Ambassadeur-300x199Cher Wambi, voici une affaire qui a défrayé la chronique ces dernières semaines sur les réseaux sociaux et qui implique notre représentation diplomatique à Paris en France. L’affaire porte sur la maltraitance supposée d’un employé domestique de l’ambassade en la personne d’Augustin Willy, cuisinier de profession et de nationalité italienne. C’est une tierce personne qui a parlé du problème de cet homme sur Facebook. On retiendra, en gros, qu’outre la cuisine, d’autres tâches domestiques ont été rajoutées à son travail contre une « rémunération de misère ». Ses heures de travail auraient explosé, car il ne disposait pas de congé hebdomadaire ni annuel. En plus, il logeait à l’ambassade dans un « réduit » de 3 mètres carrés.

L’histoire a finalement mal tourné, et l’employé a été remercié suite au changement d’ambassadeur, car le nouvel ambassadeur, est venu avec son cuisinier. Tout cela aurait provoqué une dépression de Willy et il aurait même essayé de se suicider en tentant de se jeter sous un train.
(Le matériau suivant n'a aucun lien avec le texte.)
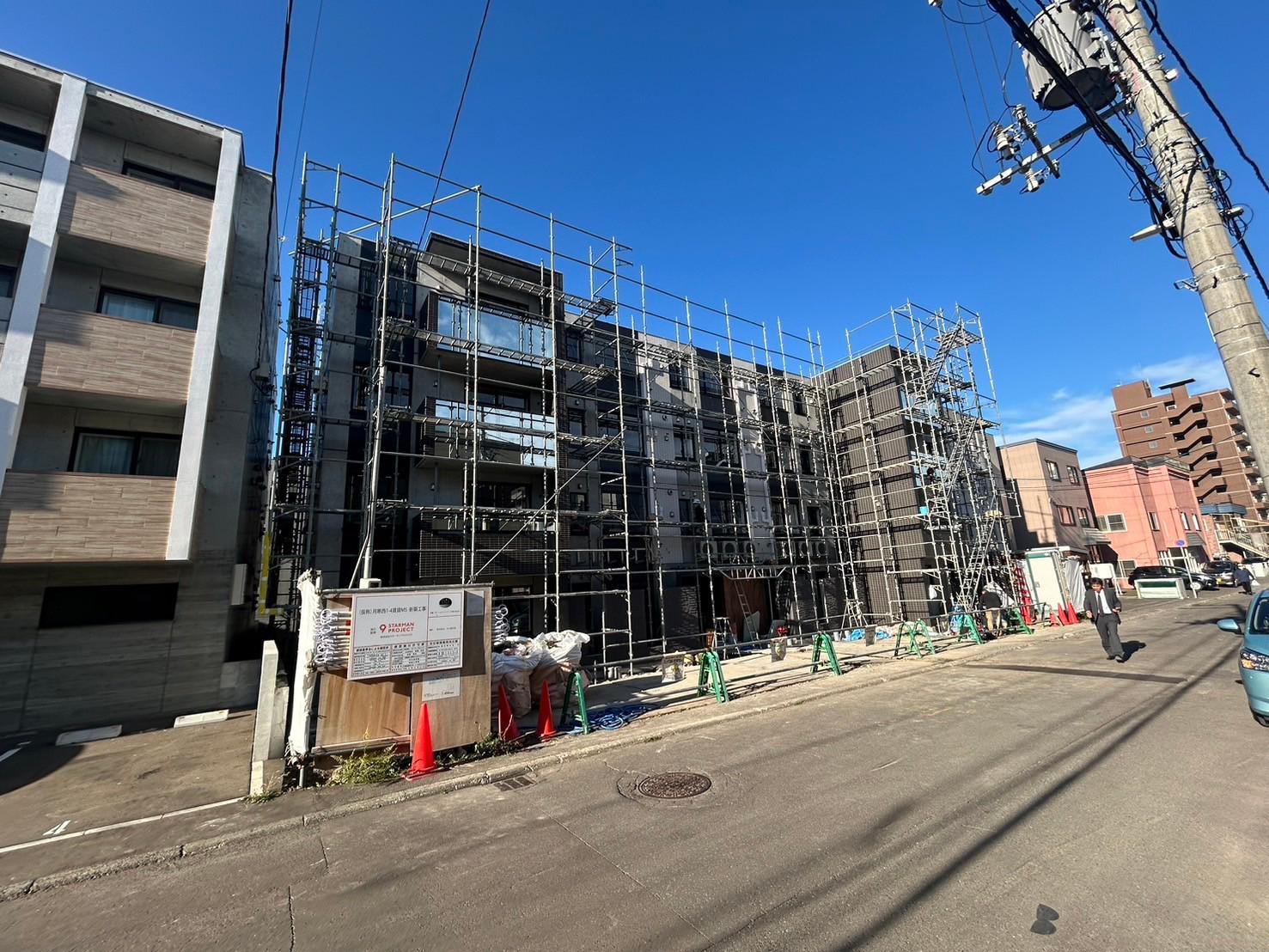 ラ・エスペランス月寒公園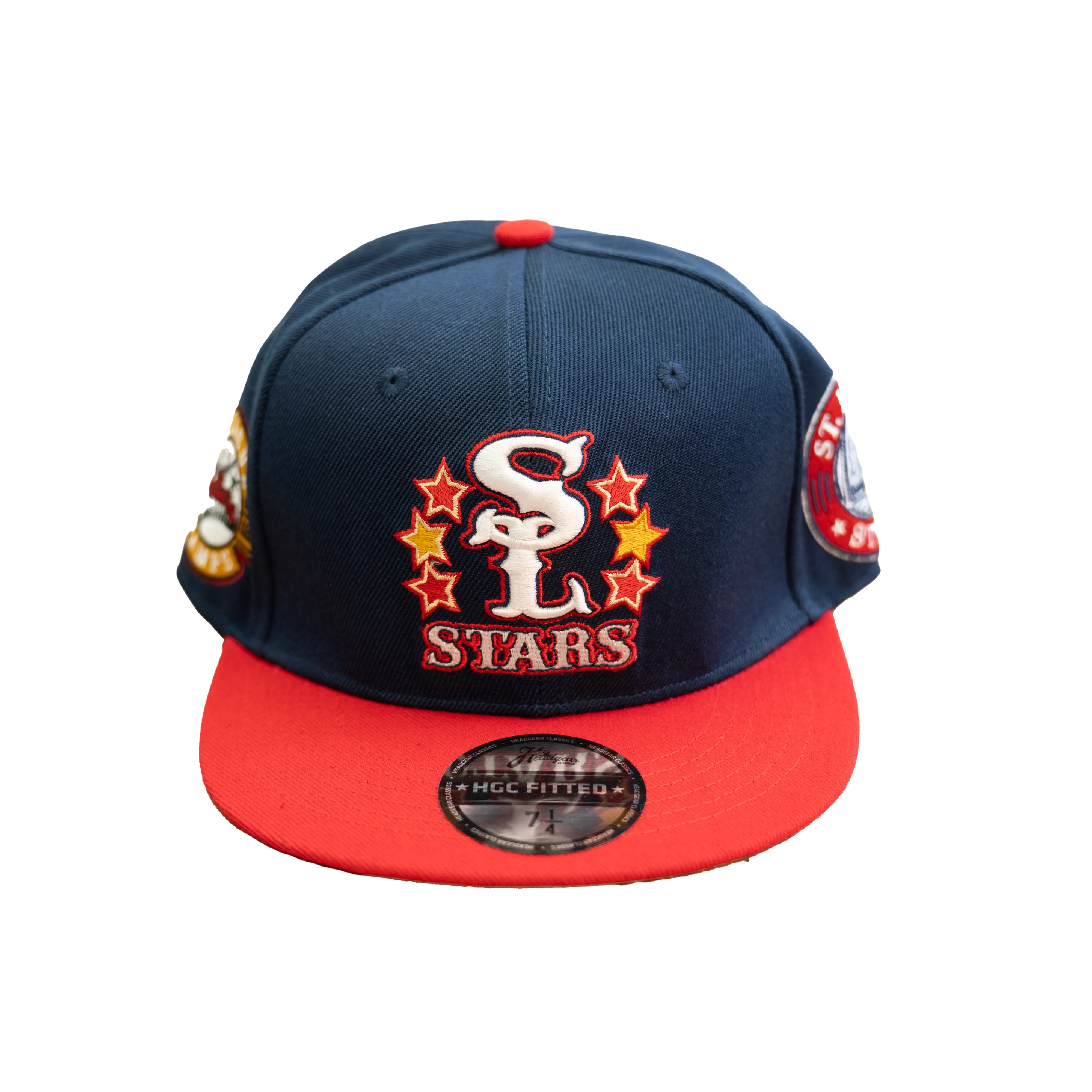 ST. LOUIS STARS LEAGUE CHAMPS FITTED HAT (NAVY)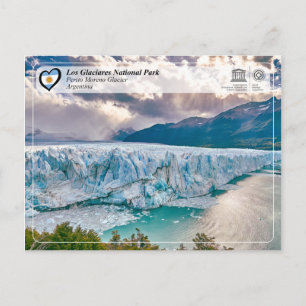 Cartão Postal UNESCO - Parque Nacional Los Glaciares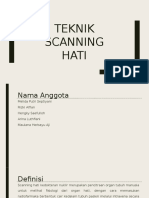 Teknik Scanning Hati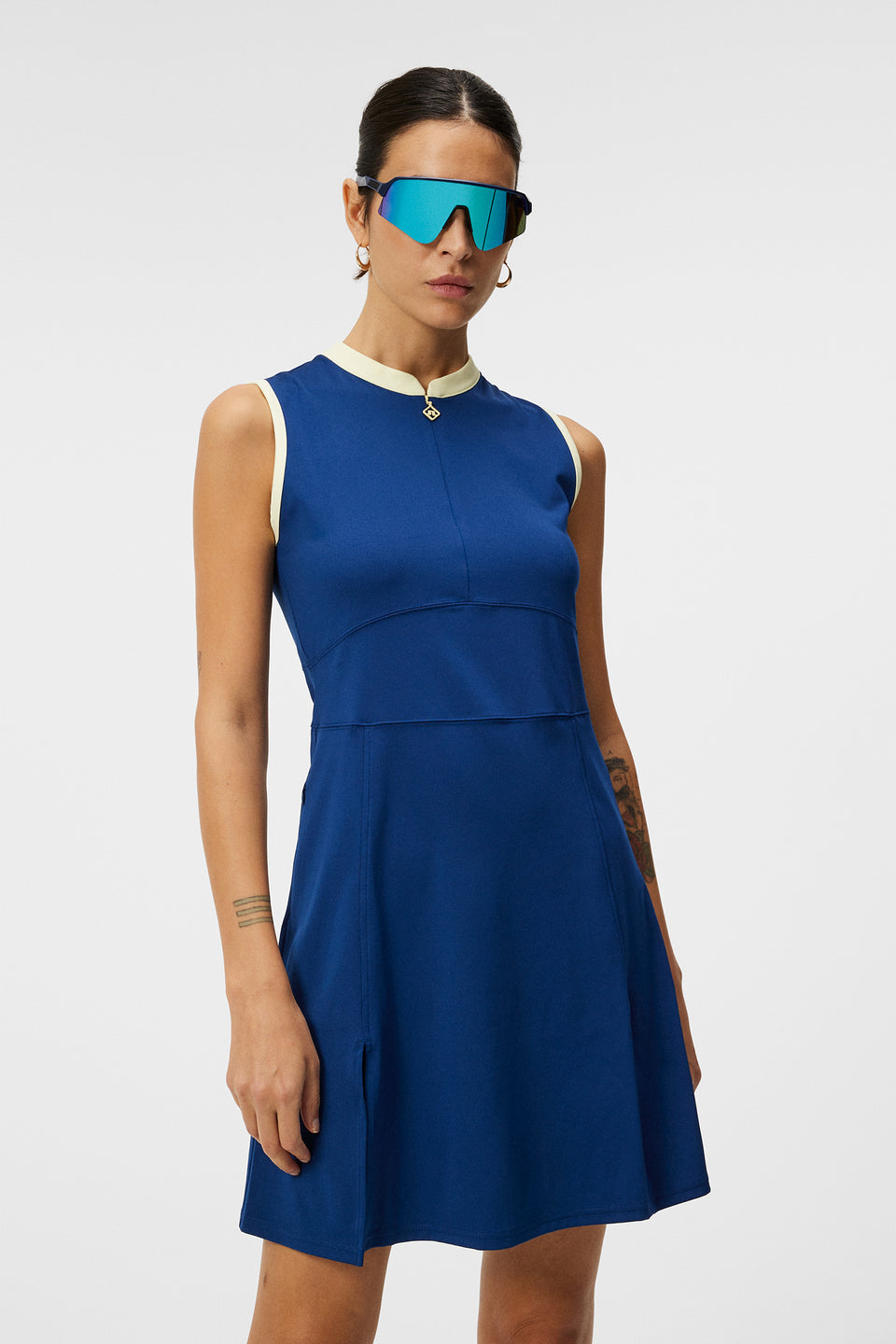 Ebony Dress / Estate Blue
Face à cette histoire qui ne fait pas honneur à notre pays, le ministre des Affaires étrangères a demandé une lettre d’explication à l’ambassadeur qui avait recruté M. Willy. Cette lettre a été expédiée des Etats-Unis par le diplomate Eric Tiaré. Un document confidentiel dont j’ai pu obtenir copie.

Dans cette note, cher cousin, le diplomate explique que le cuisinier a été embauché après un essai concluant de trois mois en février 2014 pour une période à durée déterminée et à temps complet. Concernant les récriminations sur la cuisine, Eric Tiaré a soutenu que Willy ne faisait la cuisine que deux fois par jour (le petit déjeuner et le dîner), car à midi personne n’était à la résidence.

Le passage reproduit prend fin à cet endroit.